Still, a little bump in the road of success won’t stop the juggernaut that is U2, with Bono and The Edge showing off their rock-star stage presence nightly. Whether it is Bono going operatic on the obscure “Miss Sarajevo” from “The Passengers” soundtrack or The Edge’s bombastic, classic rock riff “Sunday Bloody Sunday,” the band overwhelmingly proves its Rock Hall Inductee status. Incidentally, the latter song, which for decades represented the violence in the group’s homeland, is transformed of late into an instant anthem for civil rights around the globe. It’s an odd sight to see Arabic writing (related to the recent Middle East uprisings) shown on video screen greeted with cheers from more than 72,000 Americans.
Then again, the idea of uniting not dividing, always has been U2’s modus operandi. From its Martin Luther King-inspired “Pride,” which still is goose-bump producing today, to the humanizing “One,” the band always had an agenda of turning hate into tolerance.
Considering any “No Line on the Horizon” momentum is long gone — the album came out a year and a half ago — the band is offering fans something special, digging into its past for obscure songs such as “Batman Forever” soundtrack single “Hold Me, Thrill Me, Kiss Me, Kill Me,” “Zooropa” (which was never played stateside) and the aforementioned “Miss Sarajevo.”
Also, the band’s monster 1987 album “The Joshua Tree” still is represented with its big three (“Where the Streets Have No Name,” “I Still Haven’t Found” and “With or Without You”).

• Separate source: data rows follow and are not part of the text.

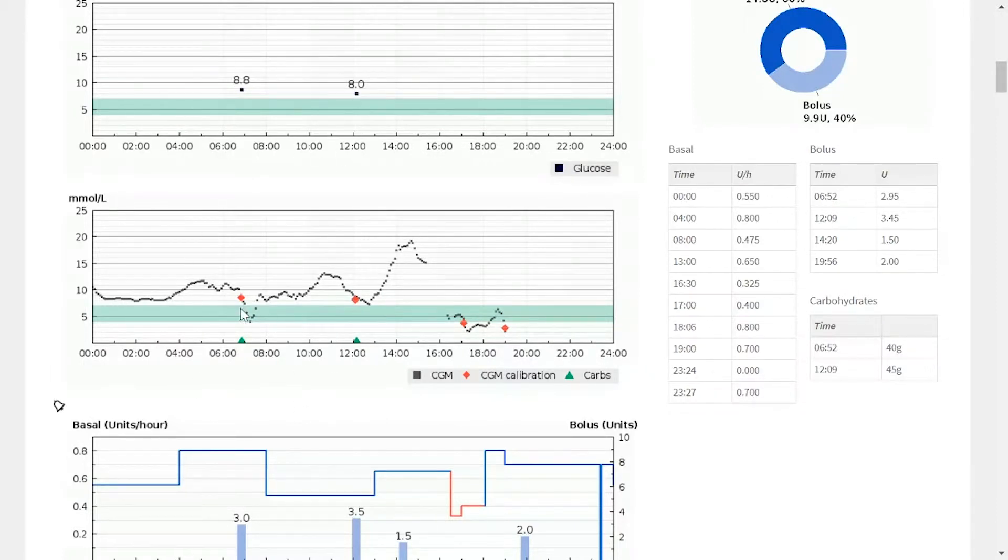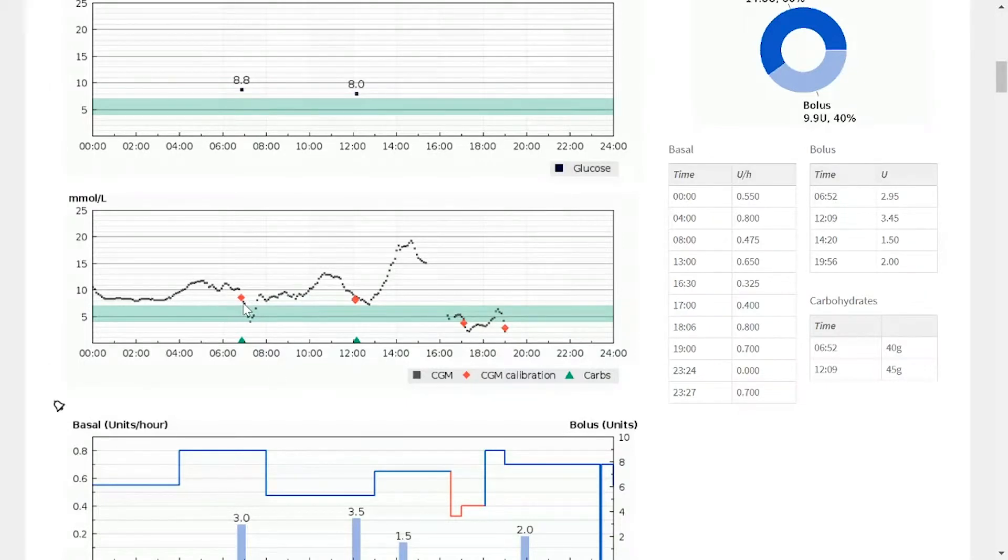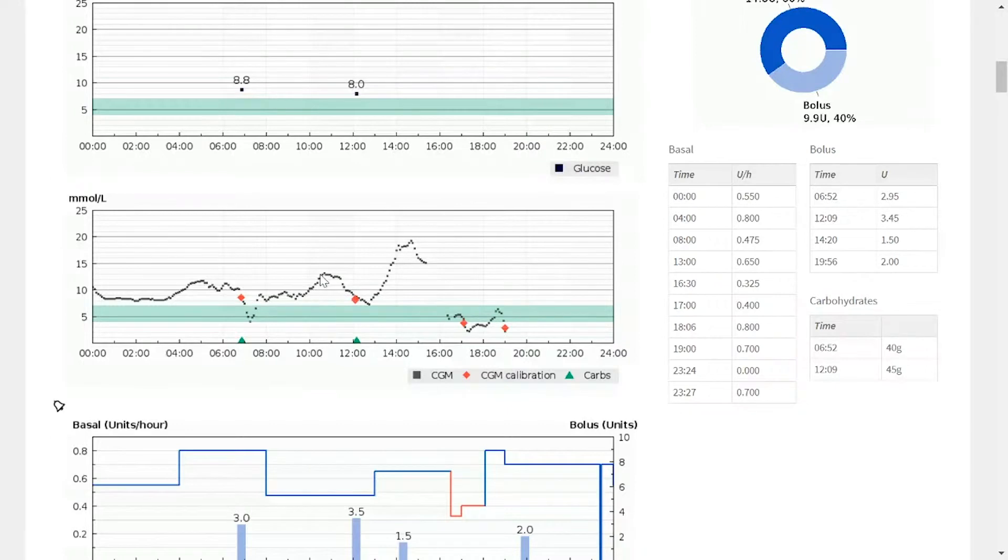The beauty of using CGM is you can actually see the impact of your decision further down the line. We can see that blood glucose rose and then fell again.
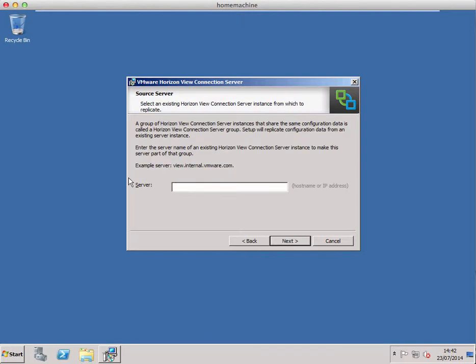In this screen it's asking us for the IP address or hostname of the original connection server, so I'm just going to enter those details.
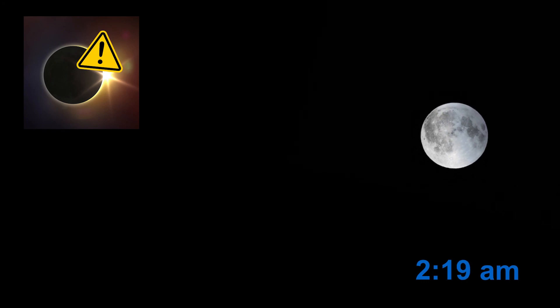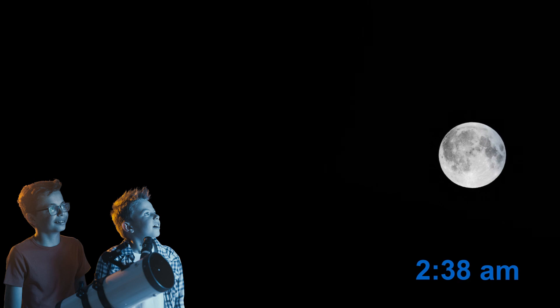Unlike solar eclipses, which require special eye protection, lunar eclipses can be safely seen by everyone, wherever it's night. So if it's clear, get out and enjoy.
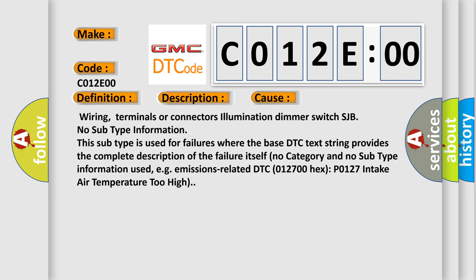Wiring, terminals or connectors, Illumination dimmer switch SJB. No subtype information. This subtype is used for failures where the base DTC text string provides the complete description of the failure itself. No category and no subtype information used, e.g. emissions-related DTC 012700 hex PO127 intake air temperature too high.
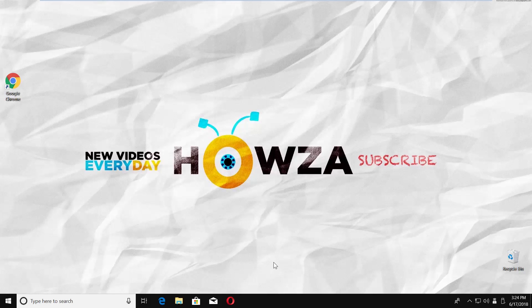Hey! Welcome to Howza channel! In today's lesson, we will teach you how to speed up your computer on Windows 10 by disabling services.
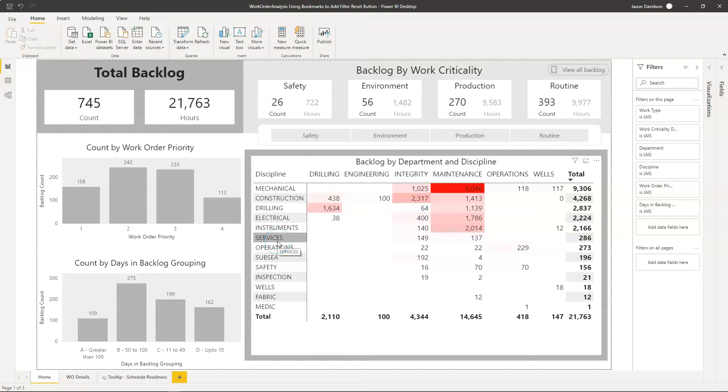Hi and welcome back to another video from Effective Dashboards. In this video we're going to be looking at how you can add a button to your dashboard that allows you to clear all the filters that have been applied.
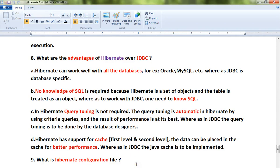In this video we are going to talk about the advantages of Hibernate over JDBC. Hibernate can work well with all databases like Oracle and MySQL, whereas JDBC is database-specific.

Looking ahead for U2, the outfit is at a crossroads: Does the group return to its hit rock-single past (which is hard to do these days) or become the Rolling Stones, releasing albums for diehards but whose appeal is solely based in its legend and catalog? The fact the group’s current tour is sold out, it appears either scenario suffices for fans. Any day seeing U2 live is a, well, “Beautiful Day.”